## INSTRUCTIONS FOR THE TASK
Please reproduce the records below exactly, omitting any pictures they contain.

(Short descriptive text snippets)
* * *

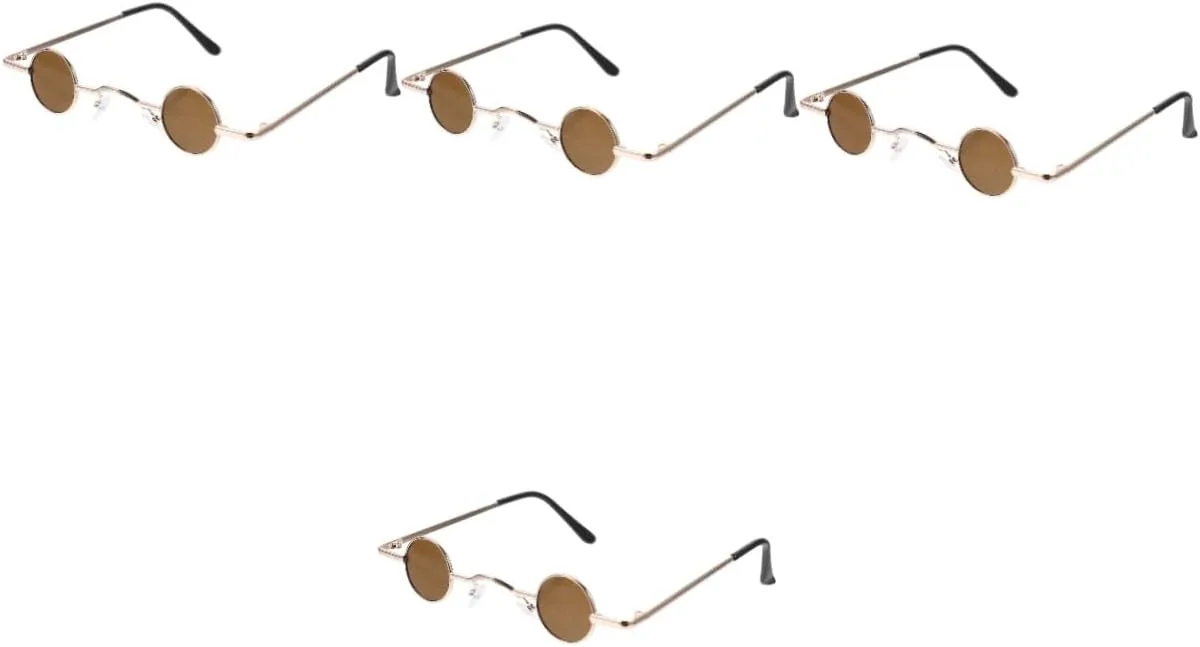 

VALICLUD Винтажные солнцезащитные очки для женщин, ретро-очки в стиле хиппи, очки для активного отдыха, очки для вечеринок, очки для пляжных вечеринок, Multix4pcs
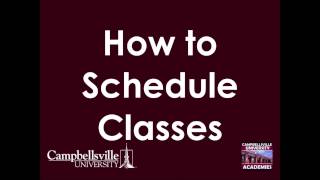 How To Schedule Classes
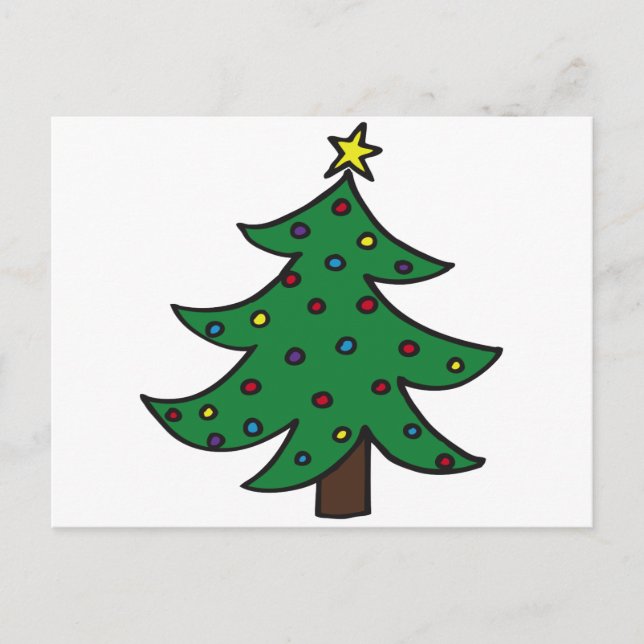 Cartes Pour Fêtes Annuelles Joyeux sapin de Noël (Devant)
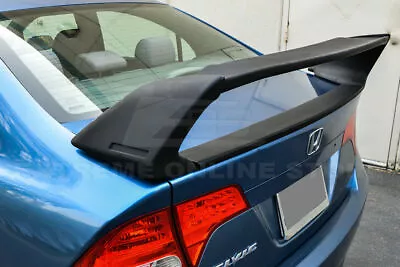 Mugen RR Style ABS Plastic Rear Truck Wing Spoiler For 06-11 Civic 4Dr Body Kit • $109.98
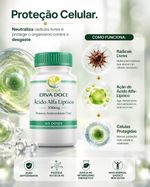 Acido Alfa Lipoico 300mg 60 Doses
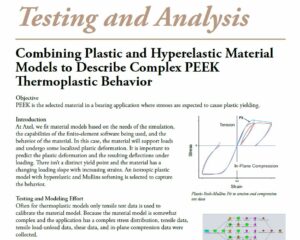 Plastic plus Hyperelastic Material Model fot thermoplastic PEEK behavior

* * *

## RESPONSE BELOW
VALICLUD Винтажные солнцезащитные очки для женщин, ретро-очки в стиле хиппи, очки для активного отдыха, очки для вечеринок, очки для пляжных вечеринок, Multix4pcs
 How To Schedule Classes
 Cartes Pour Fêtes Annuelles Joyeux sapin de Noël (Devant)
 Mugen RR Style ABS Plastic Rear Truck Wing Spoiler For 06-11 Civic 4Dr Body Kit • $109.98
 Acido Alfa Lipoico 300mg 60 Doses
 Plastic plus Hyperelastic Material Model fot thermoplastic PEEK behavior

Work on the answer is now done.